VANCOUVER, BRITISH COLUMBIA--(Marketwired - Nov. 4, 2015) - Tajiri Resources Corp. (the "Company") (TSX VENTURE:TAJ) is providing an update to the July 22nd, 2015 announcement of a non-brokered private placement. Funds have been received under the terms of the offering to the targeted amount of CDN$150,000 and final acceptance from the TSX Venture Exchange will be sought following this release.

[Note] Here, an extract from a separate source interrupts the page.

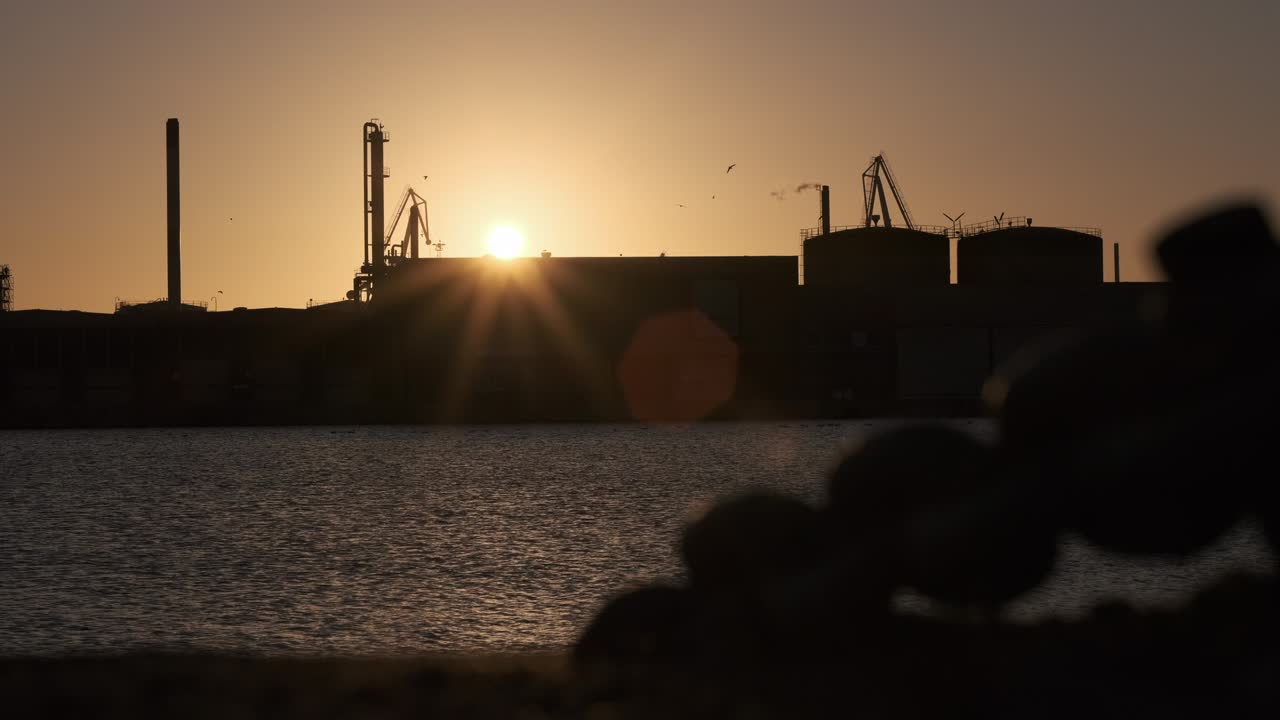 아르후스 도크에서 해가 뜨고 오렌지색 하늘과 함께 평온한 바다 물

News dated July 22nd, 2015 outlined a non-brokered private placement that would have resulted in the creation of a control position within the Company, the offering was a material transaction and required approved by majority of minority vote of existing shareholders. This is no longer the case. During management's effort to gain majority of minority approval from existing shareholders, addition interest was expressed for the offering, and in order to qualify for the pricing exemption under which non-brokered placement was being conducted, that interest was met and the distribution of units adjusted accordingly. Thereby demand from existing shareholders, expressed as a result of management's attempt to gain majority of minority shareholder approval for, what would have been a material transaction was subsequently met, resulting in no control position being created, and no material transaction being undertaken.

In summary, the offering, which is no longer material, will be closed with 10,000,000 units issued in the capital of the Company, priced at $0.015 per unit for aggregate proceeds of CDN$150,000, each unit consisted of one common share, and a $0.05 purchase warrant valid for 12 months from the closing date. No fees were paid in association with the offering and proceeds will be used in finalizing outright purchase of the Kaburi PL Gold Property, Guyana and for corporate expenses relating to ongoing listing requirements and associated costs. Any delay in closing was due to unexpected demand for units from existing shareholders and since there has been no material changes to the Company's business during the process it will assume that the conditional acceptance of the overall offering is still applicable. As such final closing of the offering will be sought by the Company and a follow up announcement will be made upon approval from TSX Venture Exchange, or as otherwise required.

On Behalf of the Board, Tajiri Resources Corp.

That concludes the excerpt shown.